## AIM OF THE EXERCISE
Beginning at the line that includes "Télécharger la video: 冯骥与腾讯就投资游戏科学进行了充分友好交流", return each line exactly through the end of the listing, and no line before it.

## DATASET
※

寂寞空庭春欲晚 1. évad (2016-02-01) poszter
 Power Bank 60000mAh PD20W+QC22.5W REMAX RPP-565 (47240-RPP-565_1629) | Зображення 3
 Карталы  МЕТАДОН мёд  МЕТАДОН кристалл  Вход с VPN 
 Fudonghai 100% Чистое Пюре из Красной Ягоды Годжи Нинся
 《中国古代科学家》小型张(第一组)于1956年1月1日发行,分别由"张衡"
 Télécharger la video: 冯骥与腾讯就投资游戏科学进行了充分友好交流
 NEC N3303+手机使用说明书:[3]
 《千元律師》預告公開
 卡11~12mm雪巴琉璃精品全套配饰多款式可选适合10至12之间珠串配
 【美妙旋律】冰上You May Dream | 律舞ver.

※

## YOUR SOLUTION
 Télécharger la video: 冯骥与腾讯就投资游戏科学进行了充分友好交流
 NEC N3303+手机使用说明书:[3]
 《千元律師》預告公開
 卡11~12mm雪巴琉璃精品全套配饰多款式可选适合10至12之间珠串配
 【美妙旋律】冰上You May Dream | 律舞ver.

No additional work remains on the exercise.